Oil and gas operators in the UK are increasingly decommissioning their assets as they are reaching the end of their useful economic lives. Operators’ expenditure on decommissioning is rising: they have spent more than £1 billion on decommissioning in each year since 2014. According to the UK’s Oil & Gas Authority (OGA) decommissioning of the UK’s offshore oil and gas production facilities is a major industrial challenge which can create a global competitive advantage for the UK. With more than 100 offshore platforms and 5,700km of pipeline forecast to be decommissioned or reused over the next decade on the UK Continental Shelf there is a massive prize for those who can deliver the right services. The OGA estimate the total cost of oil and gas decommissioning to be £58bn.

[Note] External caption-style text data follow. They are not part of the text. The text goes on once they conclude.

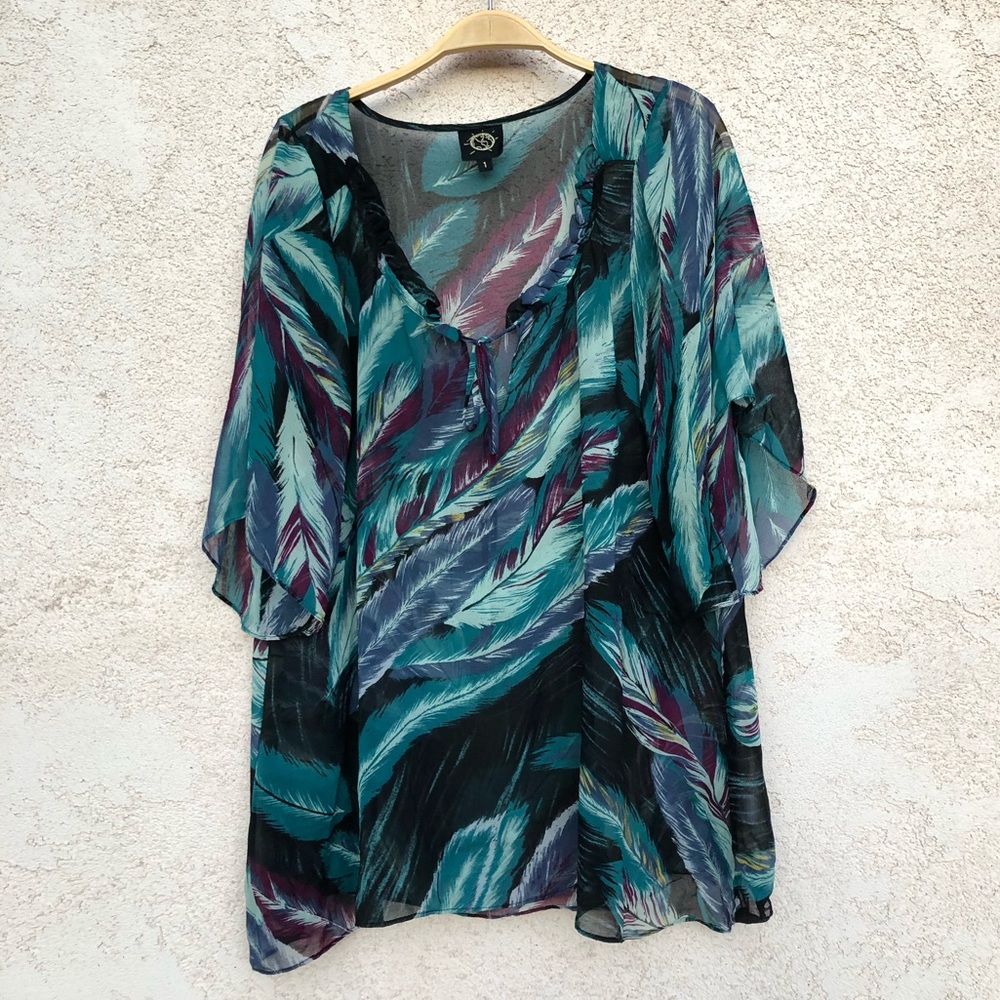 Blue Life Sheer Feather Tunic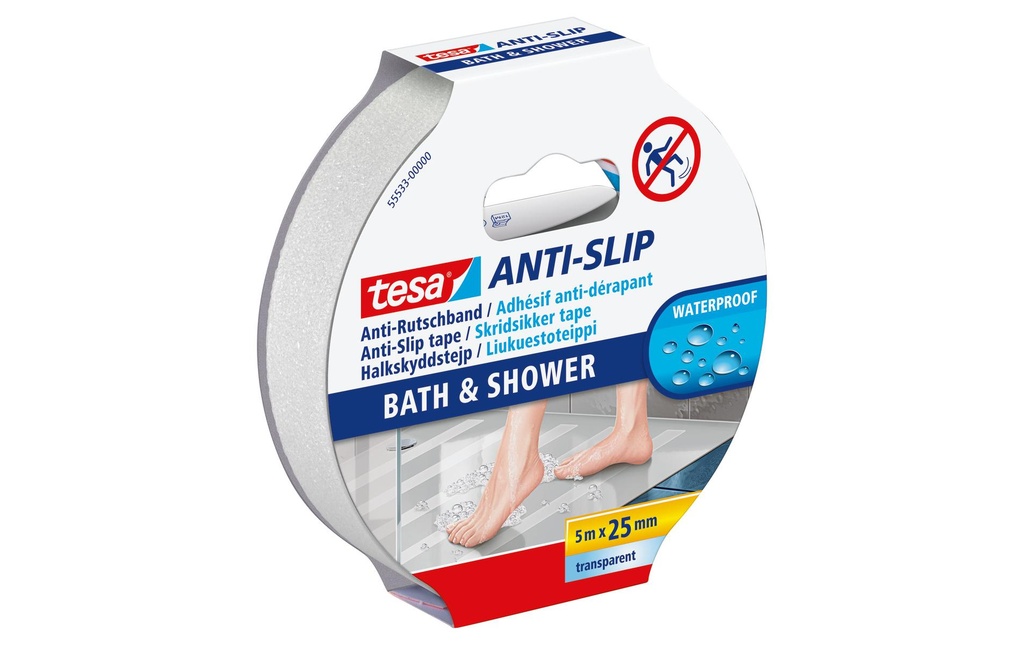 tesa Bande antidérapante Bain et douche, 5 m x 25 mm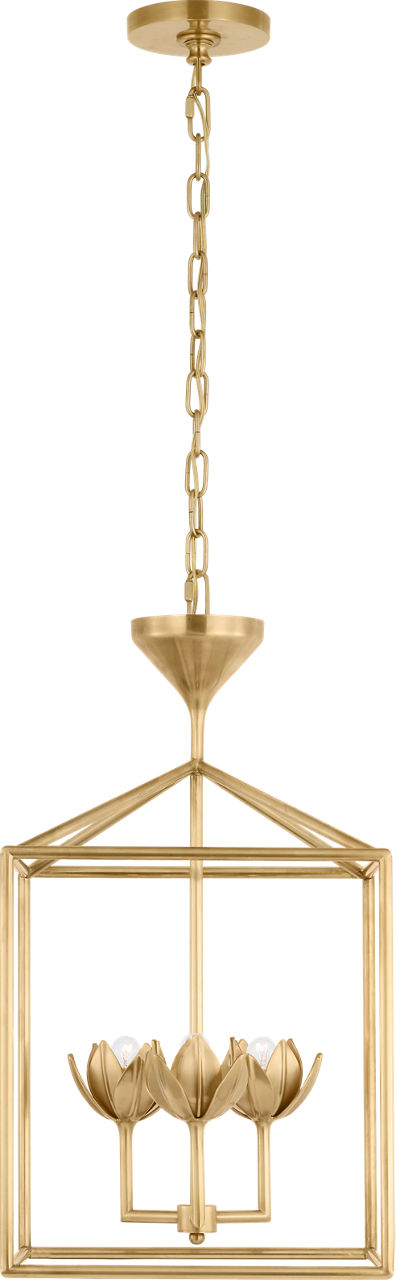 Alberto Small Open Cage Lantern in Antique-Burnished Brass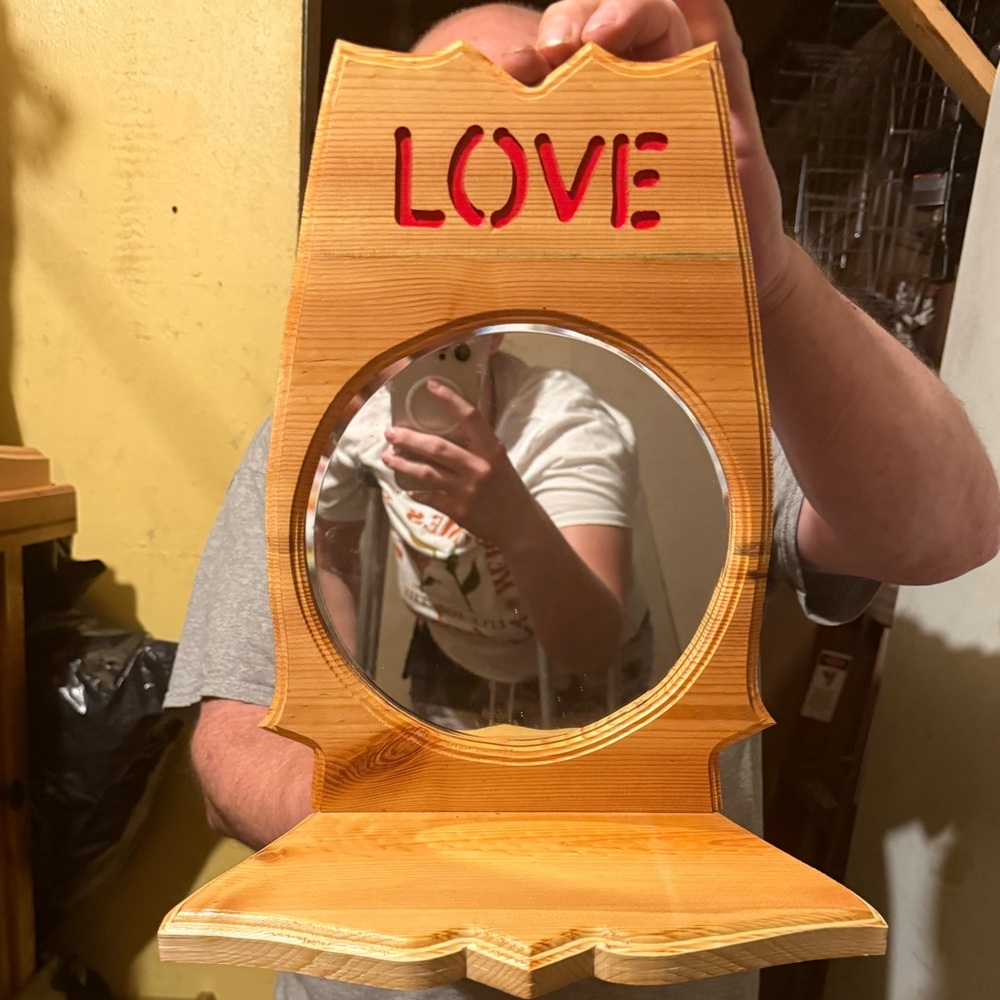 Wooden Love Wall Mirror with Shelf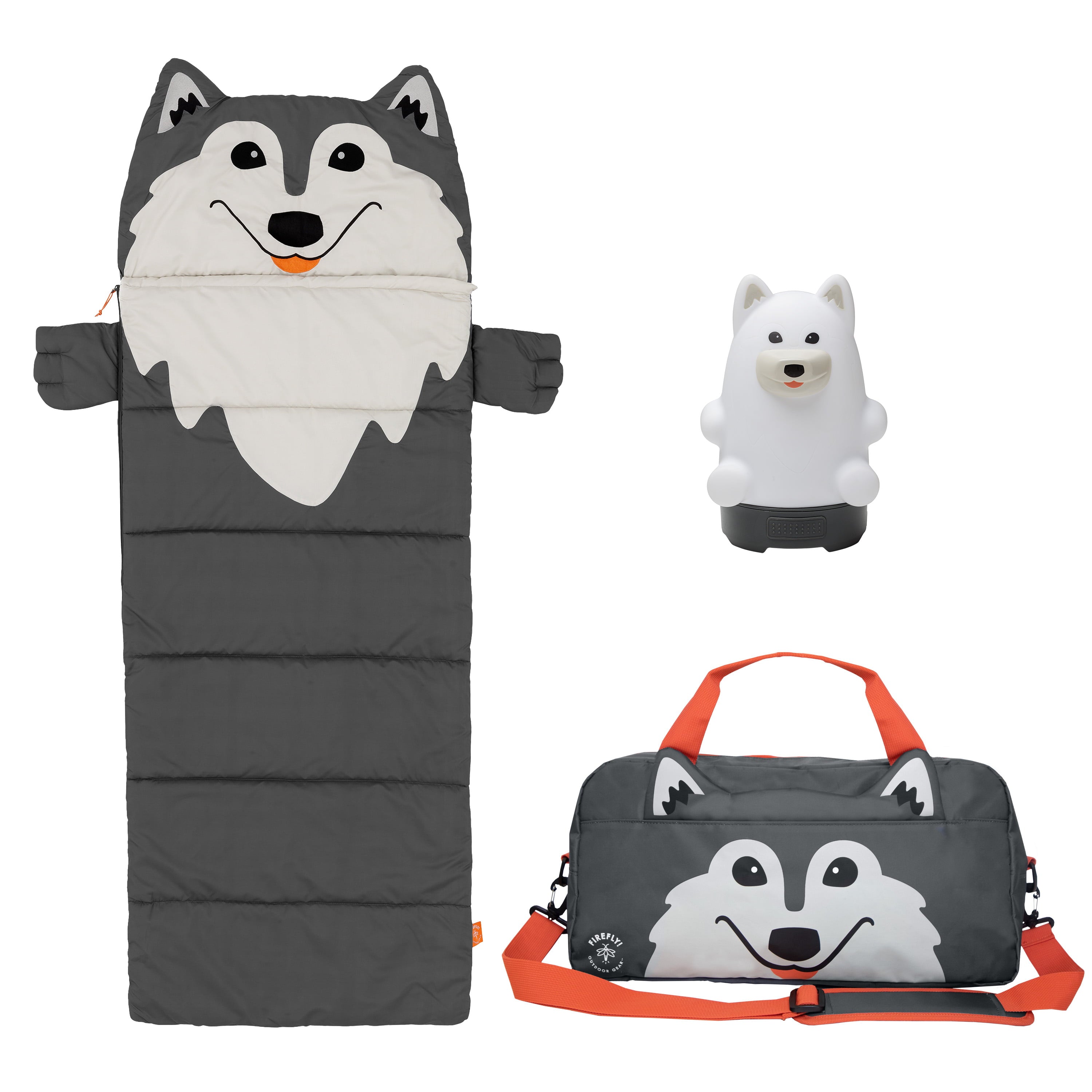 Firefly! Outdoor Gear Aspen the Wolf Kid's 3 Piece Camping Combo Set (Duffel Bag, Sleeping Bag, Lantern)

However, the challenge is that the UK oil and gas industry is mostly unfamiliar with large-scale decommissioning projects, but much can be learned and transferred from other industries. While the innovation and transformation underway within the industry will determine our ultimate success, more immediate incremental improvements can also deliver significant results.

Step forward the National Decommissioning Centre (NDC), a global technology R&D hub, opened in Newburgh, in North-East Scotland’s Energetica Corridor late last year. The task of the NDC is to help industry deliver the >35% cost reduction target set by the regulator in 2016. Led by Professor Richard Neilson from the University of Aberdeen and the OGTC’s Dr Russell Stevenson, the NDC is developing a wide-ranging, industry-led research programme, with dedicated access to the brightest and best Ph.D. and MSc students, and several projects are already underway.

Linking industry demand and expertise with academic capability and skills will help create competitive advantage, not only for the oil and gas industry but for decommissioning challenges in the wider energy sector, for example, in offshore renewables. The NDC will also collaborate with R&D institutions and innovation centers across the country active in late life asset management and decommissioning, and partner with fishing, marine, safety, and environment organizations in the UK and internationally.

“The Centre will partner with industry and academia to deliver technology, share knowledge and provide thought leadership to reduce costs, extend field life, and challenge the conventional approach to decommissioning,” Colette Cohen, chief executive officer, the Oil & Gas Technology Centre, said.“With the global decommissioning market set to grow to £80bn over the next decade, we will work with supply chain companies and technology developers in Scotland, and across the UK, to help them develop the capability to meet domestic demand and drive export growth across the world.”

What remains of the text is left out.